There’s more. Comcast committed to offering standalone broadband in its service territory at affordable rates. But because it prefers to sell more profitable service bundles, the company buried the standalone broadband product in its marketing. That stunt earned Comcast an $800,000 fine, a welcome gesture but a pittance for such a massive firm. A merged Mega Comcast could flaunt any rule it disliked.

At other times, Comcast complied with the letter of the law if not its spirit. Consider Internet Essentials, its low-cost, low-speed program for needy households. It sounds great, but in practice, Comcast has done a better job advertising the program to regulators than to actual users.
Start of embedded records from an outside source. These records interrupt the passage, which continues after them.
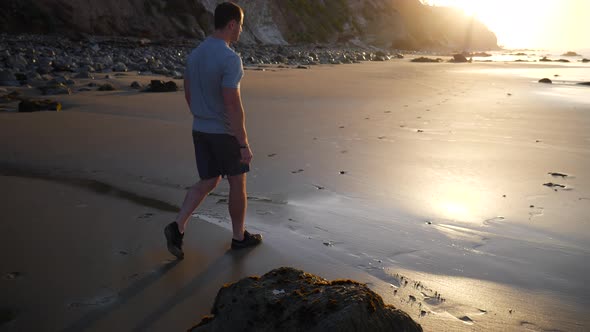 A strong young man walking on the beach after a morning fitness workout at sunrise in Santa Barbara, alt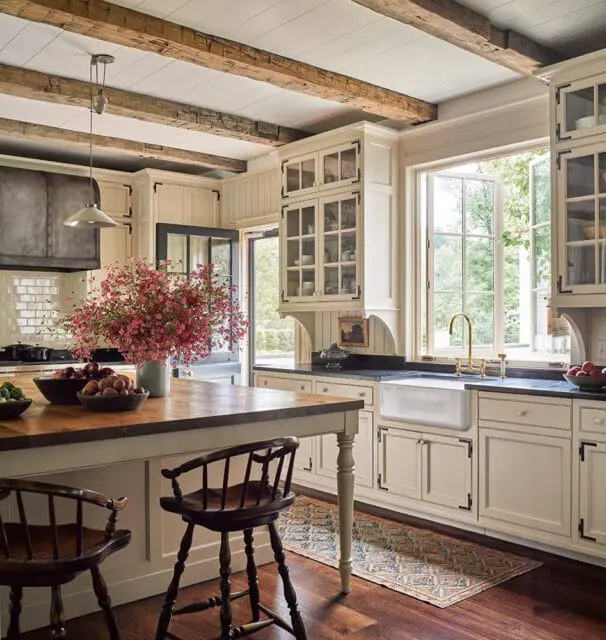Cream kitchen with exposed wood beams, farmhouse sink, and island with wooden stools.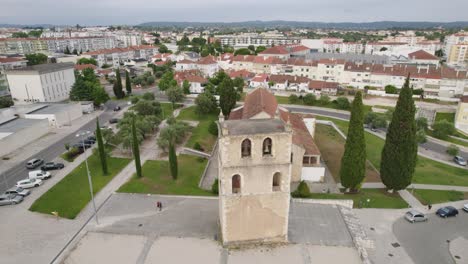 Catholic-church-Santa-Maria-do-Olival-in-Tomar,-Portugal,-aerial-orbit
Thanks to complex qualification requirements and Comcast’s half-hearted ad campaign, Internet Essentials only reaches a fraction of eligible households – a paltry 11% in California. Comcast even admitted that the program was about winning approval of the NBCU merger – not delivering quality, affordable service.
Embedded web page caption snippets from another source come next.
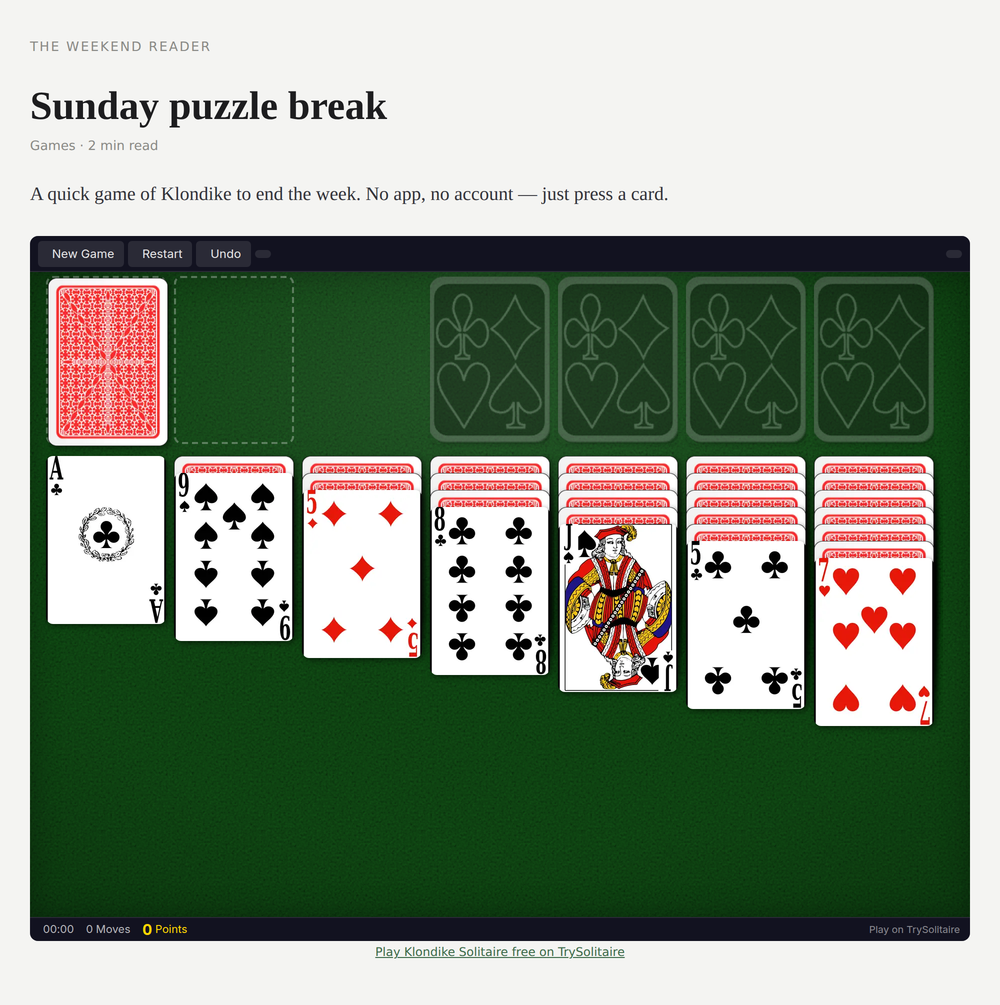 A Klondike game embedded in a post with the default theme. The credit line below the frame links to the game's page.
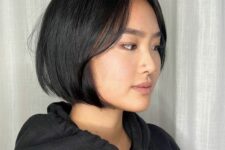 a black blunt chin-length bob with face-framing layers and a sleek finish is a cool and stylish solution for fine hair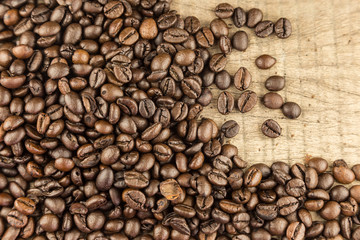 Coffee beans on wood background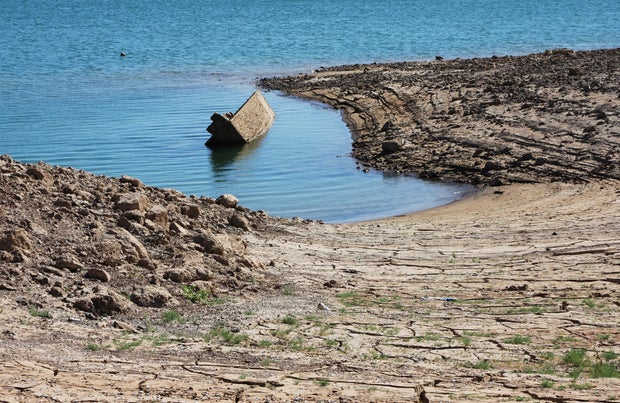 World War II-Era Boat Now Visible In Lake Mead, As Its Water Level Continues To Recede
These and other examples should give regulators serious pause. They suggest Comcast is not negotiating in good faith. Rather than a set of conditions to abide, it sees loopholes to litigate.

Comcast’s recent behavior in California, where the state’s Public Utility Commission is reviewing the merger plan, eliminates any doubt. Earlier this year, the commission tentatively approved the deal with a bevy of conditions. Yet again, Comcast dismissed even the most reasonable requests. The firm deemed the requirement that it verifiably extend Internet Essentials to 45% of eligible California households within two years “simply unattainable.
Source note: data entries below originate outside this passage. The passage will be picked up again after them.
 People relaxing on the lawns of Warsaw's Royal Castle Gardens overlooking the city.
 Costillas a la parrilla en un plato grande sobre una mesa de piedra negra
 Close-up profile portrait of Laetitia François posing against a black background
Comcast and Time Warner Cable are accustomed to getting their way. For years, their political action units have distributed mammoth campaign checks to make friends in high places and write their own rules, shutting out competition and consumer protection in the process. Friendly policymakers come in handy when you’re looking to book the next deal or cover for abysmal service. It’s no surprise that last year a University of Michigan consumer study rated Comcast and Time Warner Cable the two most unpopular ISPs in America.

The tide may be turning. Most of the roughly 800,000 citizens who have contacted the FCC are opposed to the merger – and the agency has never approved a merger over this much opposition. Comcast’s customers understand that nothing in this merger would improve shoddy cable broadband service. If anything, the merger would make matters much worse. Mega Comcast would wield more than enough market power to restrain rivals and jack up prices. Perhaps worst of all, the deal would foreclose countless innovations. Would-be creators and competitors may look at Comcast’s dominance, reckon that competing with an 800-pound gorilla is hopeless, and cancel plans to bring a new broadband choice, an interesting cable channel, or an exciting app to market.

This merger has monopoly written all over it, and regulators cannot trust Comcast to abide by conditions. With so much at stake, including who controls our small-d democratic discourse, the FCC and DOJ must say no.